#### ABOUT THIS EXERCISE:
The reply should consist solely of the lines from the one that holds "Banana bread overnight oats" through the last line of the material, reproduced exactly; no pictures belong in it.

#### PROVIDED MATERIAL:

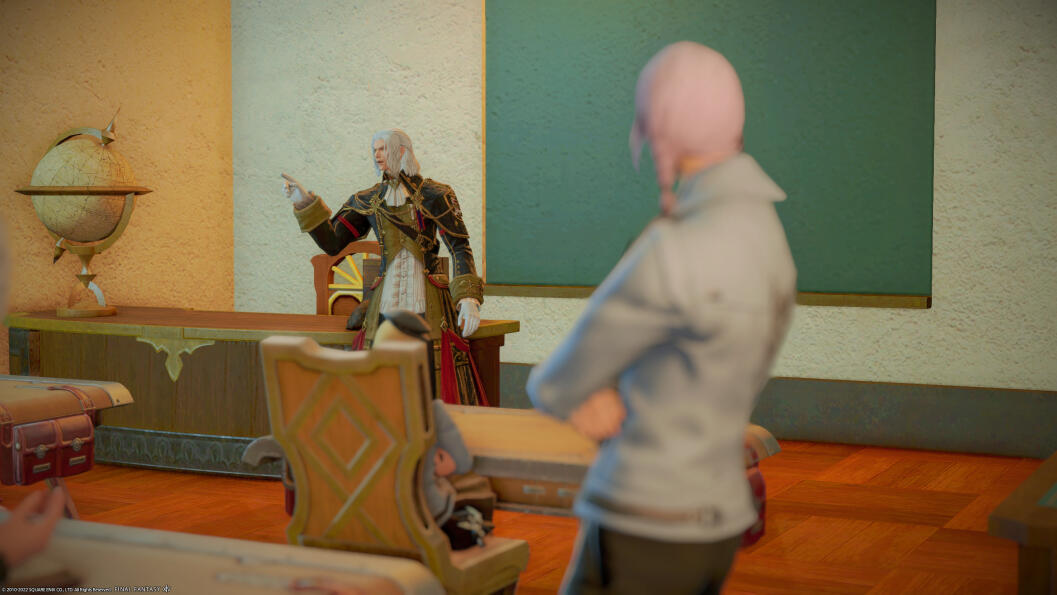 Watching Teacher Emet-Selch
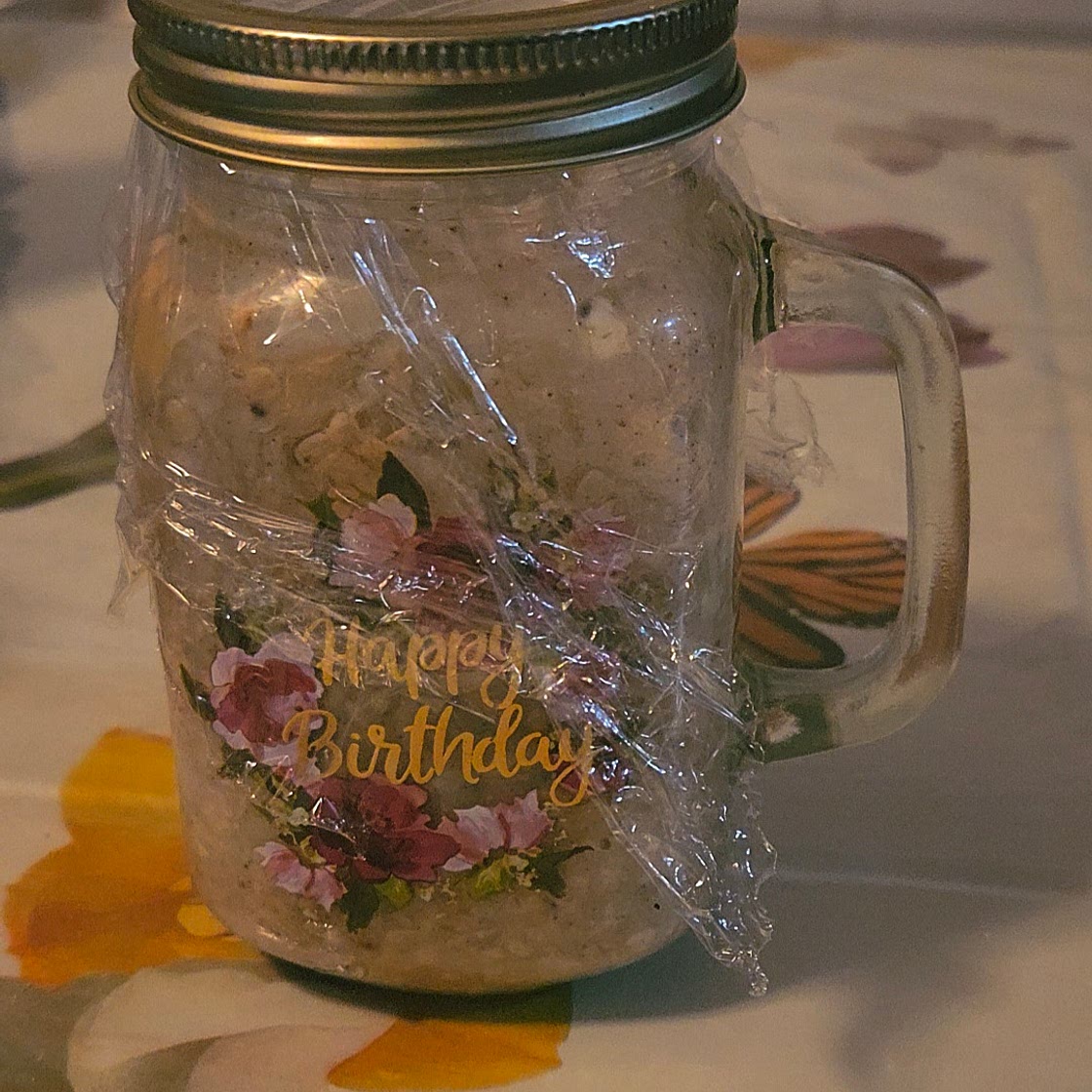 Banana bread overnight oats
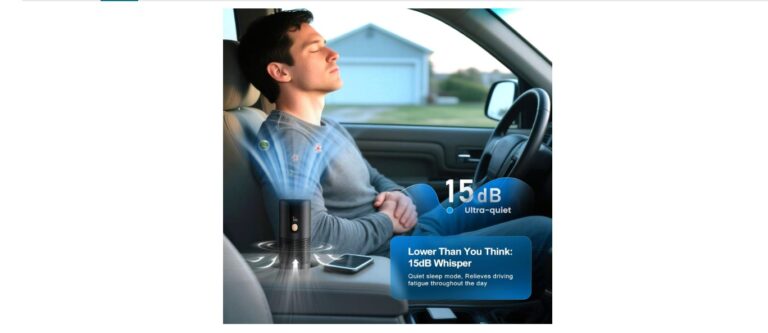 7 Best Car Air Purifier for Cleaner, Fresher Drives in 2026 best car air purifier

#### EXERCISE RESPONSE:
 Banana bread overnight oats
 7 Best Car Air Purifier for Cleaner, Fresher Drives in 2026 best car air purifier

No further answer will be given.